One Hand Clapping

Abstract & Commentary

By John J. Caronna, MD, Professor of Clinical Neurology, Weill Cornell Medical College. Dr. Caronna reports no financial relationships relevant to this field of study.

Synopsis: The hand clapping test is a quick and reliable way to screen for parietal lobe neglect syndrome.

Source: Ostrow LW, Llinas RH. Eastchester Clapping Sign: A novel test of parietal neglect. Ann Neurol 2009;66:114-117.

In response to a question, "what happens if you ask patients with neglect to clap their hands?" posed by an Eastchester High School student, the authors investigated how 14 patients with acute right hemisphere strokes and hemineglect responded when asked to clap their hands. The distinct phenomenology of their responses was named the Eastchester Clapping Sign (ECS). Grading of the responses was as follows: ECS-2 = one-handed clap, respects the midline; ECS-1 = searches in the contralateral hemispace for the other hand; ECS-0 = reaches over to clap against the plegic hand.

Twelve of 14 righthanded patients had an initial ECS-2 and an acute right hemisphere stroke affecting the parietal lobe on MRI. One of the remaining two patients initially was graded ECS-1 and then worsened to ECS-2 after hemorrhagic transformation of a large right hemisphere infarct. The other patient had an ECS score that was perfusion-dependent: she fluctuated between ECS-2 and ECS-0 with changes in blood pressure. Her MRI showed a right parietal perfusion deficit without infarction.

The persistence of ECS varied. Most patients went through a progression over the first few days after stroke onset. Initially they respected the midline, then started searching for the other hand over the next 24 to 48 hours.

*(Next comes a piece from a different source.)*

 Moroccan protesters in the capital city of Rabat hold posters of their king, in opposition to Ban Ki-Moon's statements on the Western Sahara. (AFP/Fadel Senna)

The authors propose the ECS as a screening test for neglect in the acute stroke setting. The sign was a consistent and unambiguous finding and easily recognizable by physicians and laypersons.

Commentary

Patients with right hemisphere strokes are much less likely to receive rtPA due to a failure of the patients themselves and prehospital observers to recognize the presence of neglect.1 In addition, the National Institutes of Health (NIH) stroke scale has a recognized bias toward left or dominant hemisphere strokes with language deficits. The addition of the ECS to the NIH stroke scale could increase the likelihood that patients with neglect would be recognized earlier and treated in a timely manner.

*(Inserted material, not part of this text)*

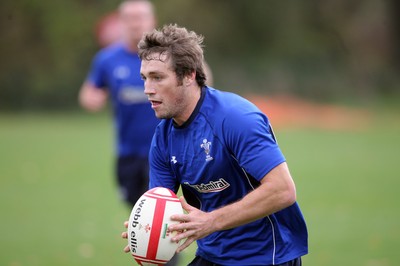 02.11.10. Wales Rugby Training... Andrew Bishop puts in a pass..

Beyond its clinical utility, the ECS should cause neurologists to meditate on the famous Zen philosophical riddle which asks, "What is the sound of one hand clapping?" Apparently, the students of Eastchester High School already have achieved a new level of enlightenment for themselves and for us.

Reference

1. Di Legge S, Fang JM, Saposnik G, et al. The impact of lesion side on acute stroke treatment. Neurology 2005; 65:81-86.